Говорить о воскрешении из мертвых как о чуде следует с величайшей осторожностью. Вот с какой деликатностью размышляет о власти Создателя над законами мира Александр Мень: «…чудеса – во все времена – как правило, не посягают на свободу человека, не навязывают ему веры (вспомним, что воскресший Христос не явился Своим врагам). Подлинное чудо оставляет место для сомнений, для его приятия или отвержения». Почему воскресший Христос явился только Своим друзьям? Да потому что одних глаз, чтобы увидеть победу Христа над смертью, недостаточно. Тут необходимо зрение сердца. Глазами обладали и враги Христа, но они ничего не увидели. Полагать воскрешение из мертвых непреложным фактом физической реальности означает проявить непростительное невнимание к реальности незримой. А ведь именно она во всей полноте своих не ограниченных законами природы возможностей и противостоит смерти. Тайна воскресения – это тайна сердца сораспятого Тому, Кого оно беззаветно любит.
* * *
Если бы местоимение «ты» начиналось не со строчной буквы, а с заглавной, то у читателя были бы все основания считать, что речь в стихотворении идет о Христе. Миркина и пишет о Нем, и говорит с Ним, но так сроднить с Богом, как роднит потеря самого близкого человека, не способно ничто. И сколько же нужно душевных сил, что бы это тайное родство снести, чтобы не отречься от него в горе? Чтобы вдруг не обнаружить, что миром и тобой правят банальные законы природы, против которых ты бессилен, и власть которых никто не отменял.
* * *
Это вопрос Сына, полного любви и смирения. Это уже и не вопрос, а ответ. «…Впрочем, не Моя воля, но Твоя да будет» (Лк. 22,42). Пронести через всю жизнь высокий строй души, не перестать слышать Господа и в горе, это значит доверить Ему все самое дорогое, что у тебя есть, было и будет. Это значит уже ничего не иметь отдельного от Него, своего, припрятанного на черный день. Это значит вместить Его даже в сердцевине боли, которую еще можешь или уже не можешь вынести. И вместить, и испытать безграничную тихую благодарность.
* * *
Я не знаю другого отечественного поэта, который бы с таким вызовом пренебрег богатейшим арсеналом поэтических средств и добился при этом такого высокого уровня владения словом, действительно жгущим человеческие сердца. Читательская аудитория Миркиной огромна. Людей, которые нуждаются в ее поддержке, в ее ласковом наставничестве, так много еще и потому, что мистический опыт Зинаиды Александровны до дна открыт любому, кто доверится своей духовной и художественной интуиции. А я уверен, что порознь эти интуиции не ходят. Сколько в мире ее духовных детей, которые и не знают о существовании друг друга. Но если они знают Бога, то и друг друга они знают. Глубоко верующие воцерковленные люди, а среди них есть и монахи, и монахини, зачитываются ее стихами и сказками. О сказках Миркиной нужно говорить отдельно и подробно, так же как и о ее эссеистике.

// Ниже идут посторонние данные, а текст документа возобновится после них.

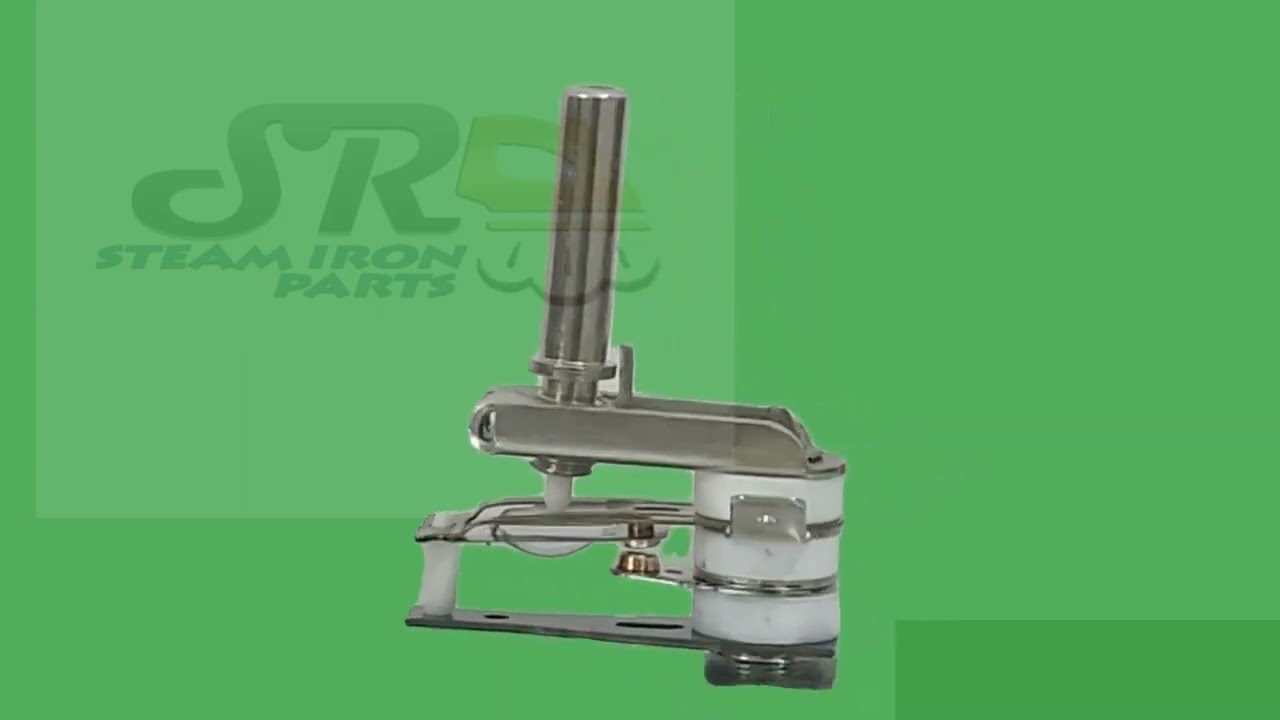 IRON THERMOSTATE  | iron thermostat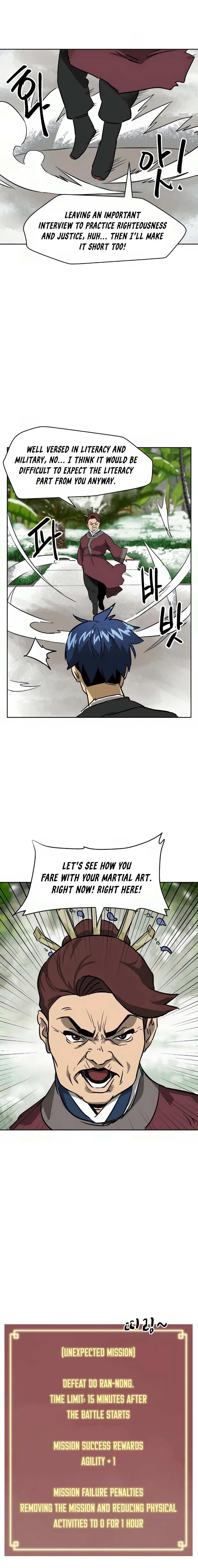 Infinite Level Up in Murim Chapter 64 - Page 17 in English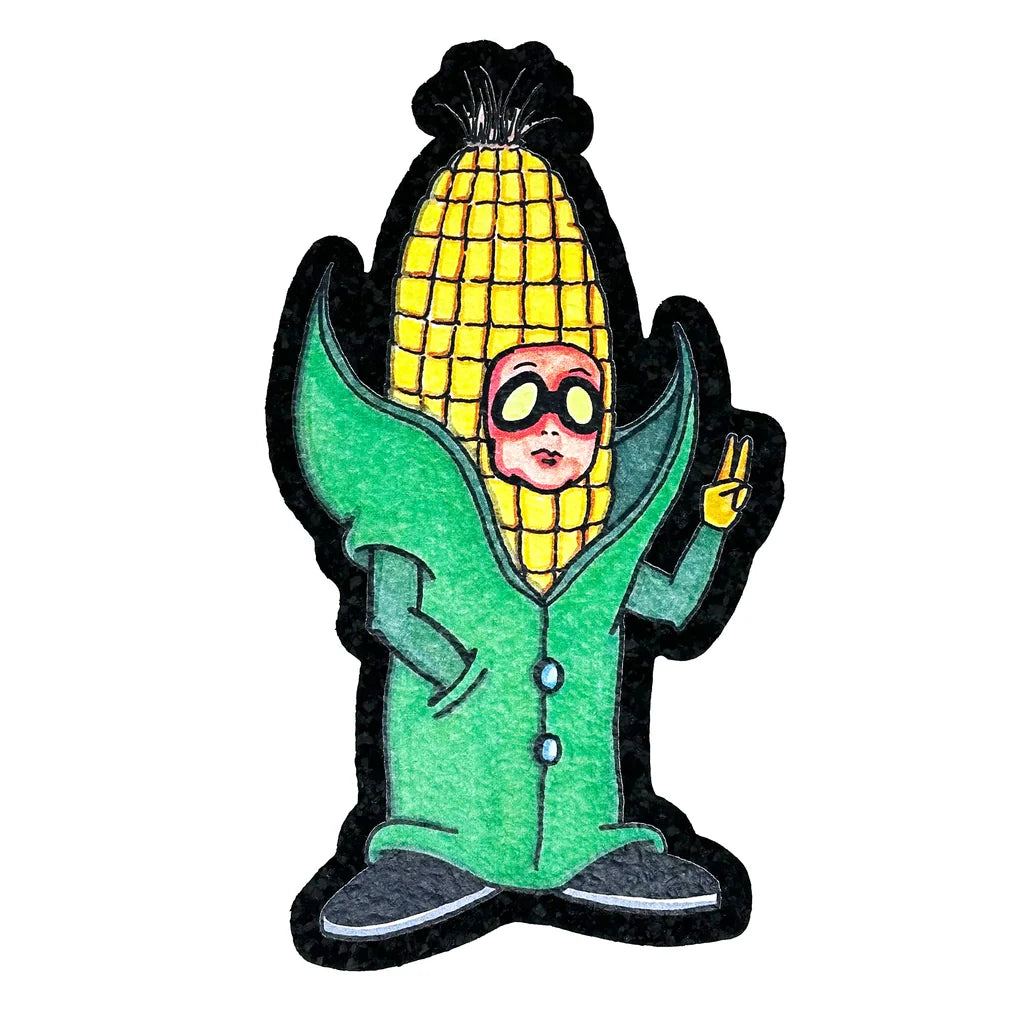 Mood Mat Corn Minion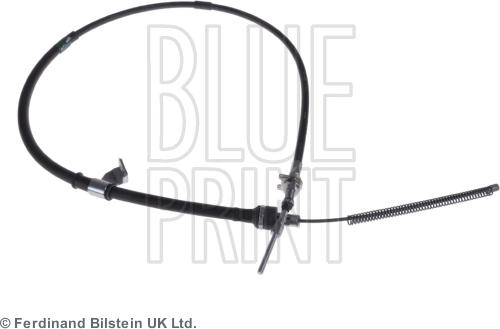 Blue Print ADC44643 - Cablu, frana de parcare aaoparts.ro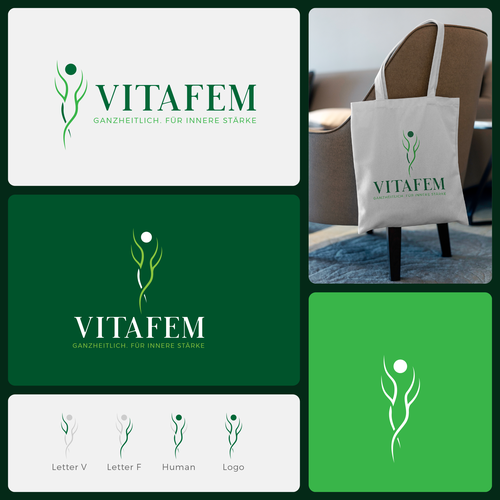 Logo & business card contest entry by airdesigns24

Из личного общения с Зинаидой Александровной я вынес не больше, чем позволили мне мои скромные силы, но и на осмысление услышанного, предугаданного сердцем едва ли хватит жизни. «Царствие Божие внутри нас», – не устает повторять она. На этом же метафизическом основании зиждилась мудрость Григория Соломоновича Померанца. Его вклад в русскую и мировую культуру, в историю свободы Духа, которая пишется и чернилами, и судьбой, еще предстоит оценить. В религиозном свободомыслии Антония Сурожского, Александра Шмемана, Александра Меня, Георгия Чистякова был огонь той правды, у которого смогут отогреться, кажется, все. И этим же добрым внутренним огнем охвачено внецерковное богословие Померанца и Миркиной. Его духовная интуиция помогала и будет помогать ей доносить до нас весть иного мира, а ее стихи углубляют русло его религиозно-философской мысли. Более чем полувековой творческий союз Григория Померанца и Зинаиды Миркиной позволил им выразить в слове ту полноту личного переживания Бога, без которой всякое творчество теряет свой первоначальный исконный смысл.
Август 2014 г.
Чудо и авторитет, или Опыт сердца. Памяти Померанца
Близко я познакомился с Григорием Соломоновичем осенью 2010 г. И сразу понял, что знал этого человека и шел ему навстречу всю свою жизнь. Мы о многом успели поговорить, за что я ему бесконечно благодарен. Он оказал мне доверие, которое не так-то просто будет оправдать. В этой работе я ограничусь несколькими штрихами к портрету отечественного религиозного мыслителя, каким был Григорий Померанц.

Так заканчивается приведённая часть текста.